A flaw was found in glusterfs which can lead to privilege escalation on
gluster server nodes.
It was found that any gluster client authenticated via TLS could use
gluster cli with --remote-host command to add itself to gluster trusted
pool and perform all gluster operations like peer probe itself or other
machines, start, stop, delete volumes etc.
Gentoo Security Scout
Upstream patch: http://git.gluster.org/cgit/glusterfs.git/commit/?id=e8d928e34680079e42be6947ffacc4ddd7defca2
Maintainers, please confirm.
Upstream released 4.1.8... 22 hours ago and the patch is in that release.

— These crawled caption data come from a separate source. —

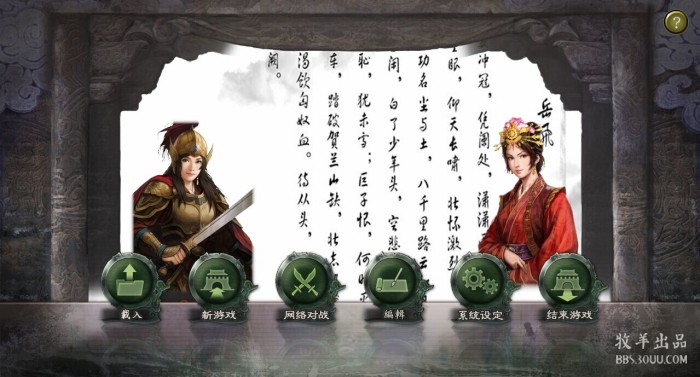 登录画面.jpg 登录画面.jpg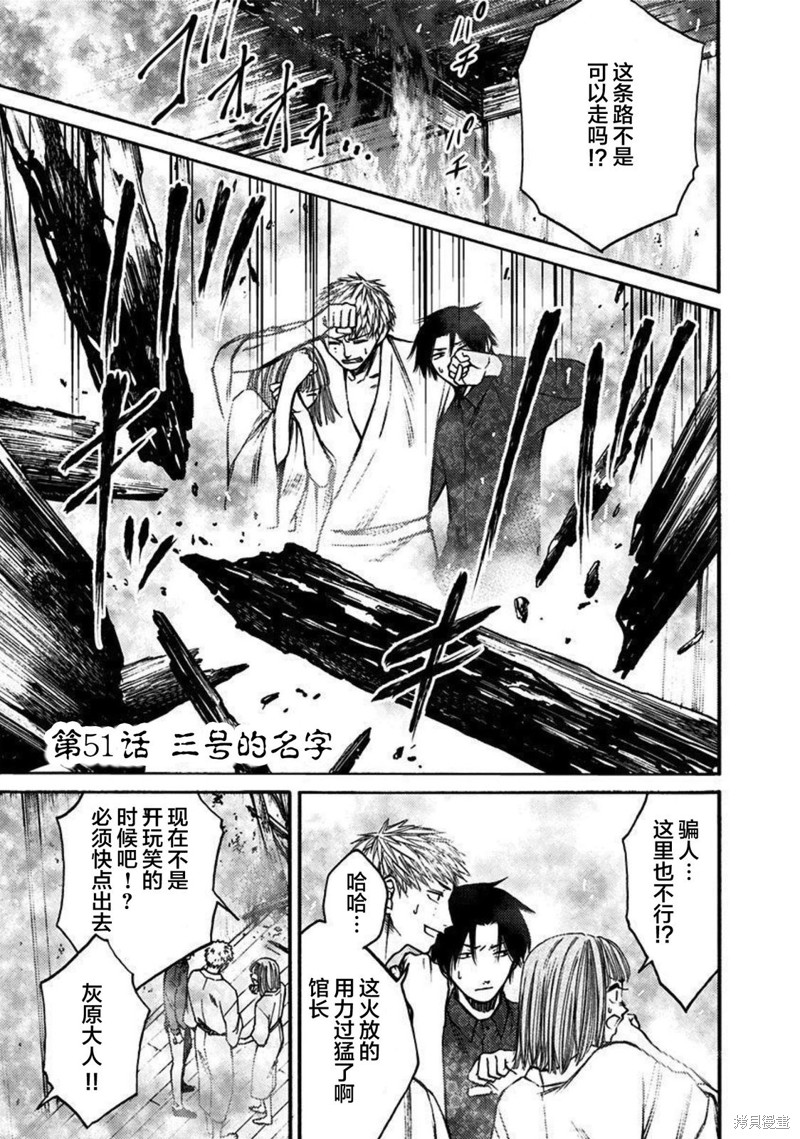 鬼狱之夜漫画51话
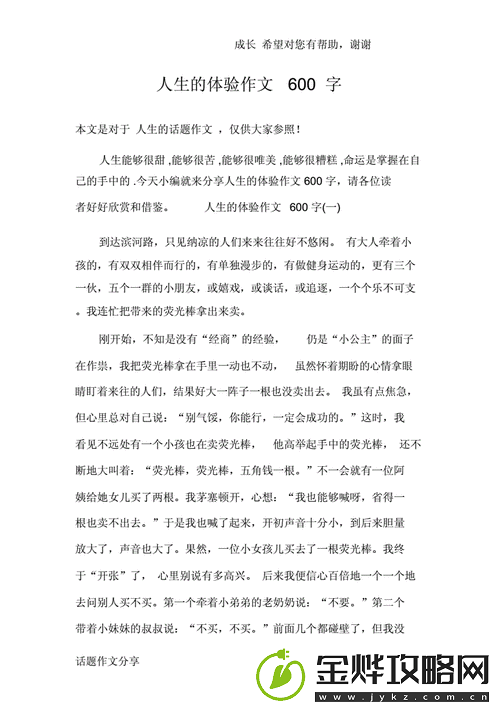 讲讲自己第一次感受真实:那是一次难忘的人生体验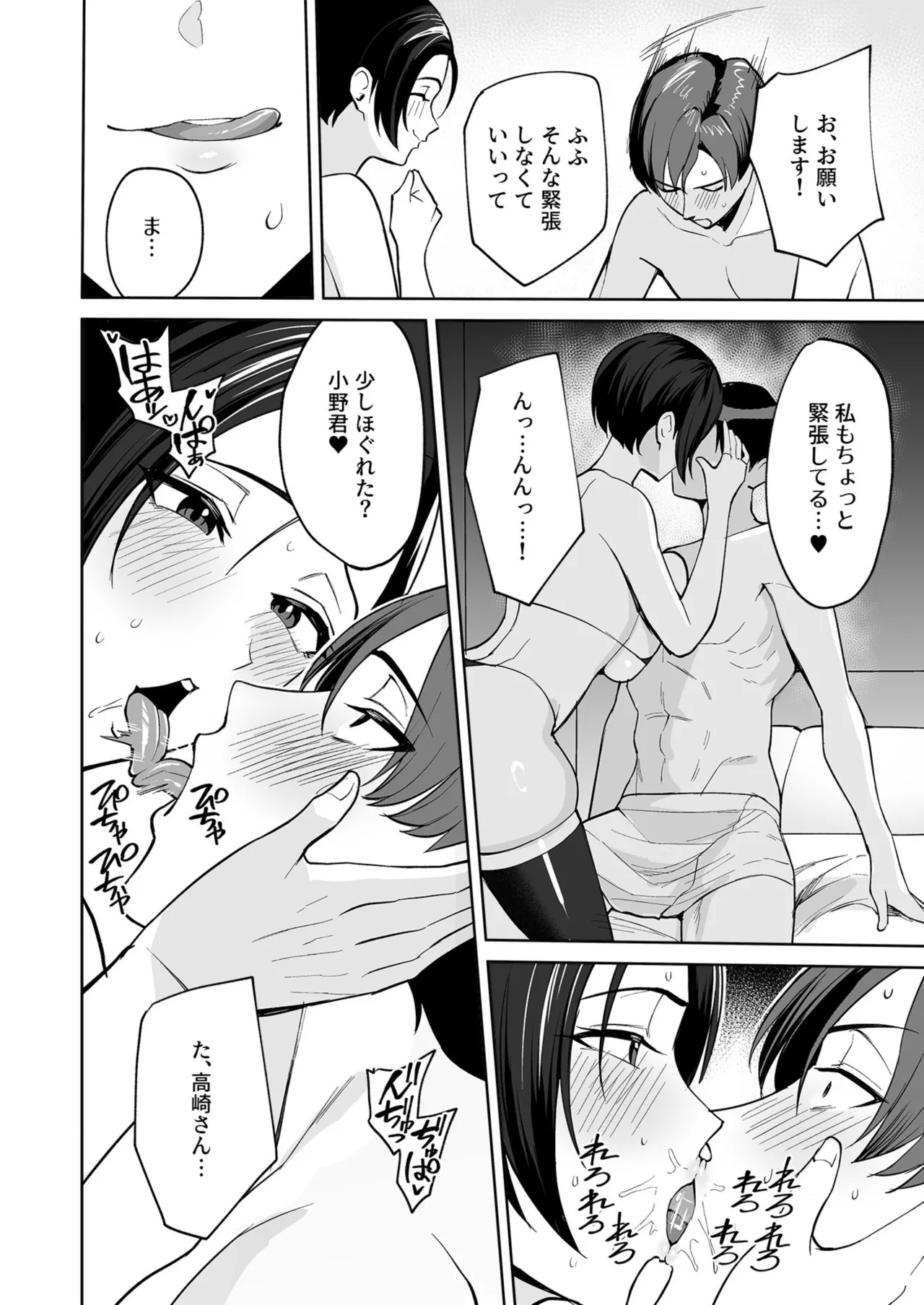 ご褒美はカラダで。〜エロすぎ福利厚生は性処理課のオシゴト〜（1） - Page 17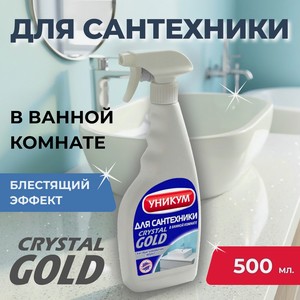 Средство чистящее для сантехники  Crystal Gold , УНИКУМ, 500 мл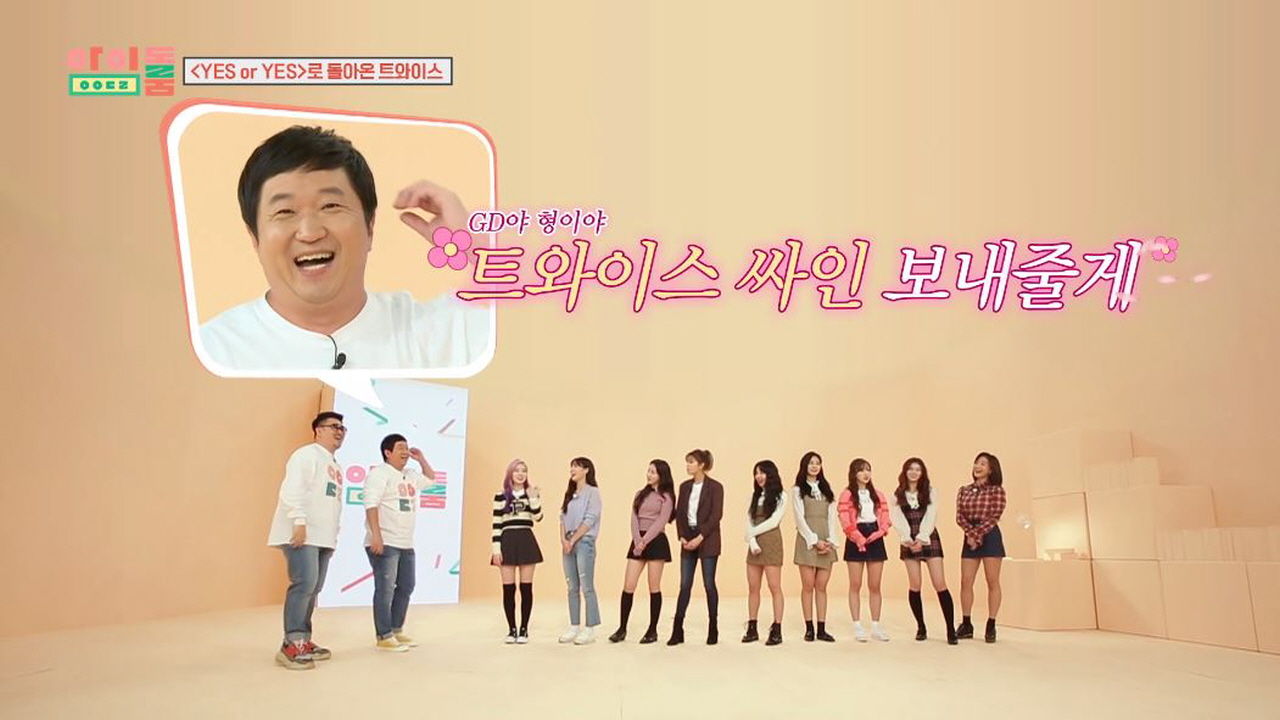 군 복무 중인 지드래곤이 정형돈에게 전화한 이유 '폭소'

The bug has been referenced in the following commit(s):
Author: Aaron Bauman <email@example.com>
AuthorDate: 2019-03-28 20:40:20 +0000
Commit: Aaron Bauman <firstname.lastname@example.org>
CommitDate: 2019-03-28 20:43:19 +0000
sys-cluster/glusterfs: bup to fix outstanding security issues
* This bump addresses multiple CVEs that have been fixed upstream
Signed-off-by: Aaron Bauman <email@example.com>
sys-cluster/glusterfs/Manifest | 1 +
sys-cluster/glusterfs/glusterfs-4.1.8.ebuild | 226 +++++++++++++++++++++++++++
2 files changed, 227 insertions(+)
This issue was resolved and addressed in
GLSA 201904-06 at https://security.gentoo.org/glsa/201904-06
by GLSA coordinator Aaron Bauman (b-man).